I have split out the China content from the Herts Lettings website and loaded it into a new website, mingwei.co.uk. This now is my China property investment website.

It uses, Drupal, just like Herts Lettings. I loaded the SEO Checklist module, and the modules that it recommends, such as google sitemaps. It has the Printer-friendly pages module, as well as TinyMCE.

The last of these - a javascript html editor - is pretty cool, although it has strange effects on some linebreak filters.

The main improvement that I've made is to put in some proper navigation. What I never understood is that the Navigation menu is special - there is a block that can be used to display it in a way that cannot be replicated by any other menu. (There is no way to create a block that contains a specific named menu, that I have found).

Also there is a difference between a pure menu item and a page or story that is a leaf node. These display differently in navigation areas.

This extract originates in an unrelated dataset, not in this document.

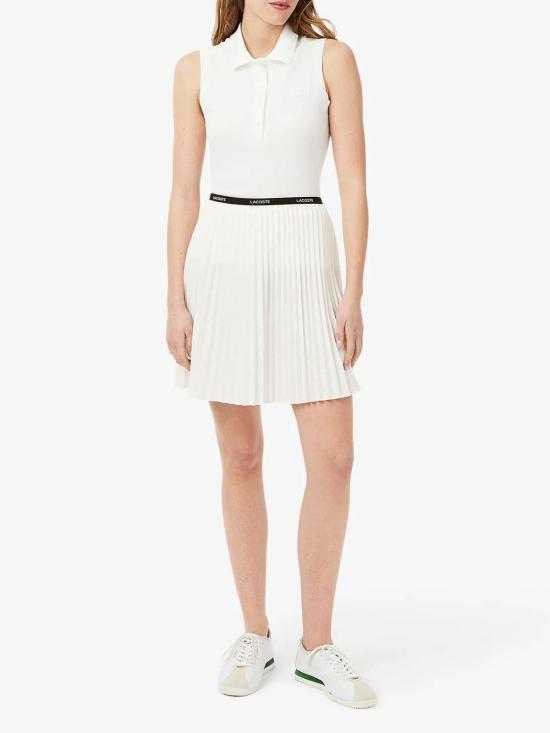 26SS 라코스테 숏 스커트 JF140370V White - LACOSTE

I still don't fully understand the operation of Primary and Secondary Links. The other odd thing is that a lot of administration links disappear when one logs out.

I am still learning about Drupal. I came very close to spending a lot of money on a web designer. I very much hope that Epsilis do the right thing when they start work on the Herts Lettings website.

December 5, 2007

Virgin on the Ridiculous Media


Why is it that the performance and customer service of everything touched by Richard Branson is so execrable? There is no quicker way to vapourise customer goodwill. I never fail to be astounded when the grinning geriatric is named by so many young people as a role model.

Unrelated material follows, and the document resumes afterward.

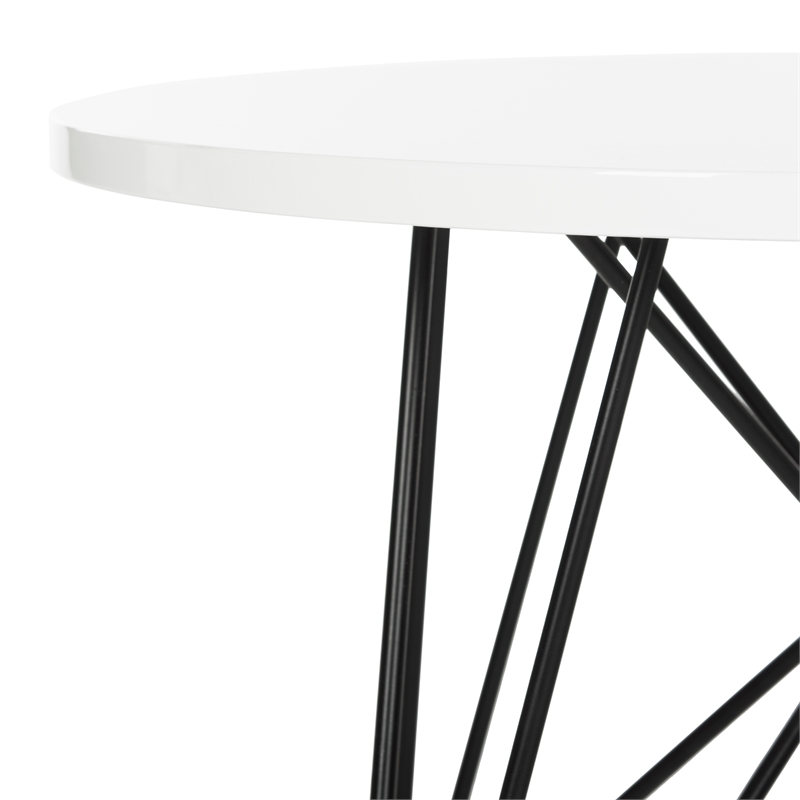 Safavieh Vida Wood and Metal End Table in White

For reasons I prefer not to think about I am a customer of Virgin Media. I used to be with NTL, and pure inertia prevented me from defecting to Sky when it was rebranded. The bill I receive is essentially a random number. I am theoretically getting a 20Mbit/s broadband package that never delivers more than one fifth of that download speed and a miserable 80 kb/s upload speed. Even when I test at a very quiet time (12:30pm) I get no better than that, and because the service is well used locally the contention is terrible: it is painful to browse a text-only website in the evening.

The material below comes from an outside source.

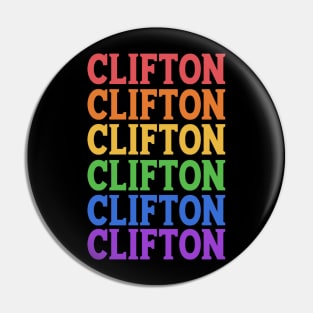 CLIFTON COLORFUL CITY Pin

I rang to complain and after hanging around for about 20 mins I was offered a discount on my current package ('VIP' - I've never felt less like one!) from £85 to £67. I simply said 'my measured performance is terrible compared to what was promised, yet your technical department says there is nothing wrong with my connection' to the billing department. They probably hear this all the time, so if you are a customer want a to take advantage of the realism of the billing department I suggest you ring now. Please don't give them my name!

December 6, 2007

Trackback This

I have a confession to make. In spite of having blogged for a very long time now, I really don't get trackbacks. I have read the explanations at least a couple of times, but I continue to search for an understanding of exactly which problem they solve. I know they somehow allow a post to know about other posts that reference them, but I don't know how the connection happens. For example, if I put this trackback URL in my post here: http://mingwei.co.uk/cms/trackback/12 how does my mingwei page know that I've done such a thing. Do I have to click through on the link and depend on the referrer field being filled in correctly?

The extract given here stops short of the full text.